STUDY MATERIAL ::

★ ★ ★

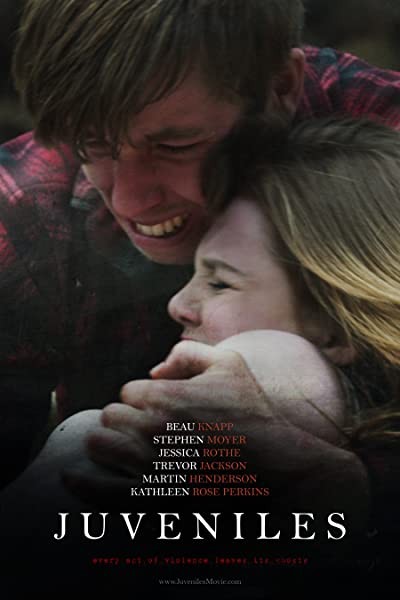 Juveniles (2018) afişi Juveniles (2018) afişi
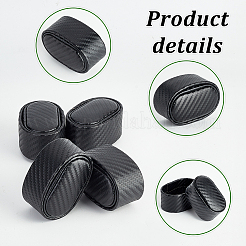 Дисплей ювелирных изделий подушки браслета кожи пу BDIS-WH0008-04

★ ★ ★

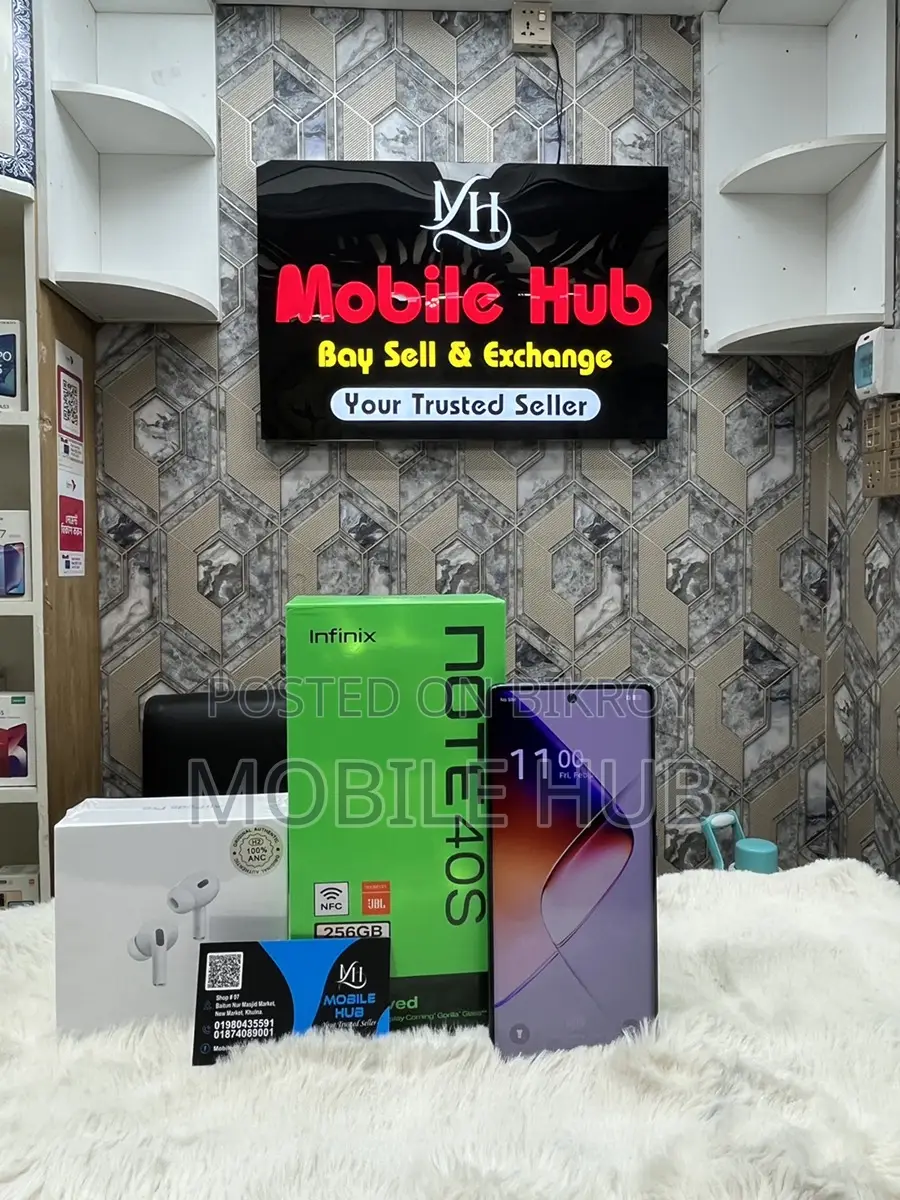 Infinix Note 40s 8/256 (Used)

★ ★ ★

TASK BRIEF :: Output exactly, and only, the lines of the entries above from the one with "Juveniles (2018) afişi Juveniles" up to and including the one with "Дисплей ювелирных изделий"; pictures are to be left out.

SOLUTION TO THIS EXERCISE ::
 Juveniles (2018) afişi Juveniles (2018) afişi
 Дисплей ювелирных изделий подушки браслета кожи пу BDIS-WH0008-04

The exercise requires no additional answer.